JAMA Commentaries Discuss Health Care Reform; Report Links Health, Education Levels
- "Incremental Health Care Reform," Journal of the American Medical Association: In the commentary, Troyen Brennan, a physician with CVS Caremark, and Michelle Mello of the Department of Health Policy and Management at the Harvard School of Public Health discuss the Massachusetts Health Insurance Connector and say that "a lower-price Medicare would fit into a connector concept based on specific segments of the insurance market." Such proposals "suggest an incremental approach to reform that does not abandon market competition, and hence may be more politically viable that fundamental reform has been in the past," they write. According to the authors, "The key issue will be whether legislators believe that the government/private plan competition can be fair, with government as regulator and competitor" (Brennan/Mello, JAMA, 5/6).
- "Health Care Reform: Beyond Ideology," JAMA: In the commentary, David Orentlicher of the Center for Law and Health at the Indiana University School of Law, highlights three "basic components" that a successful government health plan should include to achieve universal coverage for all residents: the plan should offer coverage that is funded by payroll taxes; the plan should be run by the federal government, instead of state governments; and the plan should provide all residents with "coverage in the same way" regardless of social or health status (Orentlicher, JAMA, 5/6).

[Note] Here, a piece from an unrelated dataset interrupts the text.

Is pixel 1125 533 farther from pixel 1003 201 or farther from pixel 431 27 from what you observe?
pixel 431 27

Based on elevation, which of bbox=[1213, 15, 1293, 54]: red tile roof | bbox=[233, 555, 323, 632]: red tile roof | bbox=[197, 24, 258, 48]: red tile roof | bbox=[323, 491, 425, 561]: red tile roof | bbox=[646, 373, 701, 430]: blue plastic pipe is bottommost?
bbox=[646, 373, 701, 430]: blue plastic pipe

- "Employment and U.S. Health Care Reform: Saving Jobs While Cutting Costs," JAMA: In the commentary, Samuel Sessions of LA BioMed at Harbor-UCLA Medical Center in California, and Allan Detsky of the Departments of Health Policy Management and Evaluation and Medicine at the University of Toronto write, "One central goal of health care reform is to reduce U.S. health care costs or more realistically slow their increase," but it "will not be politically possible to proceed down a path of cost reduction without giving due consideration to the overall employment strategy for the United States." They conclude, "Now more than ever the potential for health care cost savings to lead to job loss and reduced incomes must also be recognized as a legitimate policy problem to be addressed and not simple a political one to be 'overcome' to achieve reform" (Sessions/Detsky, JAMA, 5/6).

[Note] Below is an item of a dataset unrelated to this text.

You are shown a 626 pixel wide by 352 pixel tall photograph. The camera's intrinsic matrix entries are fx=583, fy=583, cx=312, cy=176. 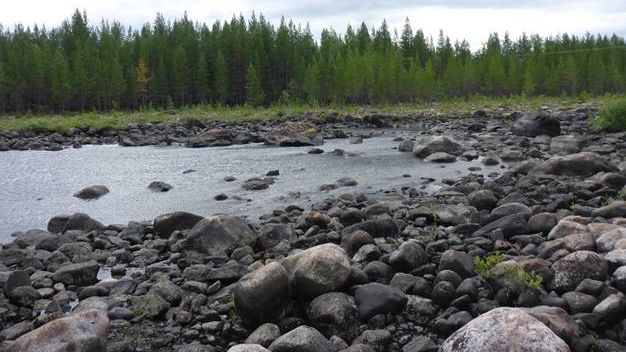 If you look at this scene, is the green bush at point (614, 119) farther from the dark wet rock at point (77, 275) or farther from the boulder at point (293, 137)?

- "Reaching America's Health Potential: A State-by-State Look at Adult Health," Robert Wood Johnson Foundation Commission To Build a Healthier America: The report by researchers from RWJF and several U.S. academic institutions ranks all 50 states and Washington, D.C., on the differences in the health of adults based on their education status. The report shows how adults' health can improve if the social factors that affect health are addressed by narrowing education gaps (RWJF release, 5/5).